My Lords, I apologise for not having spoken at Second Reading. I want, however, to speak to Amendment 74, to which I have put my name, and to Amendment 79B.
I very much support Amendment 74, in the name of the noble Lord, Lord Clement-Jones, although I am delighted that there is now a firm agreement between the interested parties—including CILIP, ALCS and the Society of Authors, among others—for an amendment which is almost but not quite the same as Amendment 74. I hope that this tweaked amendment, which clarifies the nature of what is being loaned, or an amendment equally acceptable to all parties, can be brought forward by the Government and accepted on Report.
6.45 pm
The last study into earnings commissioned by ALCS, published in 2015, found that the median income for professional authors was only £11,000, with authors sometimes earning nothing in a year. PLR, while being a modest payment—as the noble Lord, Lord Clement-Jones, has pointed out—of about 7p a book, can therefore be a significant part of the income for many authors, as well as illustrators, photographers, translators and editors. The carefully set cap of £6,600 on individual earnings from PLR means that there is a fair distribution of the pot without inordinate benefit for the high earners. Also, in his 2013 review on e-lending William Sieghart says that,
“for writers, the extension of PLR to the digital and audio world would allow for much more accurate financial recognition for the borrowing of their books”.
PLR is a legal and, I believe, a moral right, which in the modem age should be applied to the digital format as much as the physical. Particularly considering that over 3 million e-book loans were made in 2016 alone, removing the anomaly of the absence of PLR for the remote e-lending of e-books and audiobooks cannot come a moment too soon. Indeed, Matt Hancock said in the other place on 28 November last year that the Government will,
“bring forward legislation as soon as possible”.—[Official Report, Commons, 28/11/16; col. 1341]

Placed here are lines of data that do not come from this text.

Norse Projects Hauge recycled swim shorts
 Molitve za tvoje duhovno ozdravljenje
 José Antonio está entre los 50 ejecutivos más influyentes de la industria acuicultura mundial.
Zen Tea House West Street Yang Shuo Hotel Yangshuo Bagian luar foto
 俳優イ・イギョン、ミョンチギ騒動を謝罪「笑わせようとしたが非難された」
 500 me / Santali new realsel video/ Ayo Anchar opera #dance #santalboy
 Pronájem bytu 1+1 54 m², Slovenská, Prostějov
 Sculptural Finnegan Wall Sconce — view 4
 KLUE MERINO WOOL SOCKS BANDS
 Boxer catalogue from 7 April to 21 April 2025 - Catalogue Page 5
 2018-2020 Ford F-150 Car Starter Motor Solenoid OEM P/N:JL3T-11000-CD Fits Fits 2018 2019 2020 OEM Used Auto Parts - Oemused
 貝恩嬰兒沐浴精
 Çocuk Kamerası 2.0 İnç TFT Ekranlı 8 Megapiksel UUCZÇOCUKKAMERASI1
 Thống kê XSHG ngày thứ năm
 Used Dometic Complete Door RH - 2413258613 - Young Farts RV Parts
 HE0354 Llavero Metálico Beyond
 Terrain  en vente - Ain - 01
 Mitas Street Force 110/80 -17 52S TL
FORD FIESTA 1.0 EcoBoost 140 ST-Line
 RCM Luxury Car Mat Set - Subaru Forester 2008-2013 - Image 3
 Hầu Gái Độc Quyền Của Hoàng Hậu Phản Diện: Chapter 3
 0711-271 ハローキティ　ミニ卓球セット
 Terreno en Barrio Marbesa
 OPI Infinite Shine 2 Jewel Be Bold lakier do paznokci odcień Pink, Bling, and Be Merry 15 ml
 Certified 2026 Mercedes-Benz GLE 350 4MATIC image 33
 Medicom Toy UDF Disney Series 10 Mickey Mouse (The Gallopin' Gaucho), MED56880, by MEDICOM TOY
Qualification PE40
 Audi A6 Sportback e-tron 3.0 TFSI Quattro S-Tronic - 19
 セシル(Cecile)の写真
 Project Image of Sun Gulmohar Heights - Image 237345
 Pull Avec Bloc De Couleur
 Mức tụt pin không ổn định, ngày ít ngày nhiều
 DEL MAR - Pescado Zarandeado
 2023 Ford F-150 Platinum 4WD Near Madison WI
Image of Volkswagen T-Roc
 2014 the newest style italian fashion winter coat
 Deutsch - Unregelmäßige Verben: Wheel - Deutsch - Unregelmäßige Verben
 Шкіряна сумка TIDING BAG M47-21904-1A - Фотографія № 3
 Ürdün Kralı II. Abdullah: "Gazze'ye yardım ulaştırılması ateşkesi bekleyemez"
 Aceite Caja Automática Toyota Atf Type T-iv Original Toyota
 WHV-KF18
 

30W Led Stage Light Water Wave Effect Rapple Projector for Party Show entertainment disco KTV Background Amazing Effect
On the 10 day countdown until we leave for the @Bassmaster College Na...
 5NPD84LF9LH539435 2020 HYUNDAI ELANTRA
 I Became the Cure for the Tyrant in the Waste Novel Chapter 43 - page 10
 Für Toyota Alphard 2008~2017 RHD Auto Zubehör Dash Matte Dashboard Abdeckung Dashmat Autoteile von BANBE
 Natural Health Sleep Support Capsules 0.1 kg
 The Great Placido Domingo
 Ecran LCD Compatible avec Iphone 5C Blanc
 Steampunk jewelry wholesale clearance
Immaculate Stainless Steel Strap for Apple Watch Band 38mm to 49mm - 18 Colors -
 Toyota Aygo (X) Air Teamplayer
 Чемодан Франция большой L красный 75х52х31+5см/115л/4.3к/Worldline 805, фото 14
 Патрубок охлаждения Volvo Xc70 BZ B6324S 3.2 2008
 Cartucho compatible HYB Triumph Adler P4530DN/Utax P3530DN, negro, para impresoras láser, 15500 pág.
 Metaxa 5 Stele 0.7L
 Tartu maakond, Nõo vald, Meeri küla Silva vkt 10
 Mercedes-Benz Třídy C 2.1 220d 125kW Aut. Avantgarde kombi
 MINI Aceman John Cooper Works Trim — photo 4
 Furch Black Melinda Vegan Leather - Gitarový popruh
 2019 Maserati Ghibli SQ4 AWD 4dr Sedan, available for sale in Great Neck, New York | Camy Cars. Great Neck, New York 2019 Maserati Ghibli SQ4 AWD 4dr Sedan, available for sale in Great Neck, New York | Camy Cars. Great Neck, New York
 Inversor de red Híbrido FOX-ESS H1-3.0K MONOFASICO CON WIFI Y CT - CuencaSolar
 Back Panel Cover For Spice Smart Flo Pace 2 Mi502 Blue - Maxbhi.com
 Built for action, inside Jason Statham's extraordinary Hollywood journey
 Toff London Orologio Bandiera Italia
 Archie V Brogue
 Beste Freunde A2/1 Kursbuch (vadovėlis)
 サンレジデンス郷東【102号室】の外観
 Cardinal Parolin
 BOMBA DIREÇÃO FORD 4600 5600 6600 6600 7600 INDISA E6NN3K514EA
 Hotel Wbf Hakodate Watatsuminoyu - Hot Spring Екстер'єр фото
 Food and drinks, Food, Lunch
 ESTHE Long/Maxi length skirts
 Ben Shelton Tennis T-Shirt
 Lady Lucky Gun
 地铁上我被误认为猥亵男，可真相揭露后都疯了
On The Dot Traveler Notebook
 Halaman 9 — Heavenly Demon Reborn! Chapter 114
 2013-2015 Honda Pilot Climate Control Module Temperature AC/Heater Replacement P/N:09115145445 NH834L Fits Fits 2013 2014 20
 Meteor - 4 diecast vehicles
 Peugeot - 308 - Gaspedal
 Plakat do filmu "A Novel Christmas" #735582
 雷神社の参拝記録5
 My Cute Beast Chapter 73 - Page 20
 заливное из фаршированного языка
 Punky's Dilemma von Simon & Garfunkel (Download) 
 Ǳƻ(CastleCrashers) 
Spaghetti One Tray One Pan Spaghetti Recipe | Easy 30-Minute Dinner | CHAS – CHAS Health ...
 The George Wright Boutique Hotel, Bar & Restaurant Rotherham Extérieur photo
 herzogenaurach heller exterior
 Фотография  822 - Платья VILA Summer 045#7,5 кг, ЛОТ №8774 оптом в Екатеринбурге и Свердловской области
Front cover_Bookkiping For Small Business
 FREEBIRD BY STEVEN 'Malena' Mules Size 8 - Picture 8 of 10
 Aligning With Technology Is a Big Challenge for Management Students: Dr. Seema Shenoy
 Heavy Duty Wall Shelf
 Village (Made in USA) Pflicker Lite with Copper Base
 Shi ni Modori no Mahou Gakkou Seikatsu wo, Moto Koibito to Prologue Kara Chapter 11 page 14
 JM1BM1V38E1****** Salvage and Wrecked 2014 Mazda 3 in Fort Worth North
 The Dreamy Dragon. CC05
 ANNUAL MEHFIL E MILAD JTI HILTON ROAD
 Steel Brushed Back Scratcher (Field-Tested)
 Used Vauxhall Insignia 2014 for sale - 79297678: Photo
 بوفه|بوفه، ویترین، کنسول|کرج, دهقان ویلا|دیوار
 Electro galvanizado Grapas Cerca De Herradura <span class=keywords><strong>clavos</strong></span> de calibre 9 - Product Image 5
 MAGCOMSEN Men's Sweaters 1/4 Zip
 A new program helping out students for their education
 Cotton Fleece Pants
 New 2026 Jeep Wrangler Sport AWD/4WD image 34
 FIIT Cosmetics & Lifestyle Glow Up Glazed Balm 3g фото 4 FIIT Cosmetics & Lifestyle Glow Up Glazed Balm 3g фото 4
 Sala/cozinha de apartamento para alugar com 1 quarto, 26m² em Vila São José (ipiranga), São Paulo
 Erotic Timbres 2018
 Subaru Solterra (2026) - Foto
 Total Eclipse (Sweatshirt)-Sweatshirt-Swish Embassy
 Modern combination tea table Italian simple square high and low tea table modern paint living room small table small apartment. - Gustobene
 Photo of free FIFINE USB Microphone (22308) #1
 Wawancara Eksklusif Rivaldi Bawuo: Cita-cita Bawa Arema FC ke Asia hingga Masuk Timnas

This followed the European Court of Justice’s ruling that e-lending is allowable under the “one copy, one user” principle, removing a final barrier to a go-ahead. This is the perfect opportunity to introduce PLR for e-lending, and in this Bill an appropriate place to do so. The cost of introduction would be low. There will be no better chance, so I hope that the Government will support this.
Amendment 79B would remove a parallel anomaly. The Society of Authors rightly argues that e-books should be VAT exempt in the same way that print books are—for the reason that VAT on either would be, or is in the case of e-books, a tax on knowledge. The Society of Authors say that VAT on e-books is,
“a barrier to education and research, to adult literacy and to book sales in general”.
Adult literacy, in particular, urgently needs to be encouraged in every way possible, and this is one way to do so.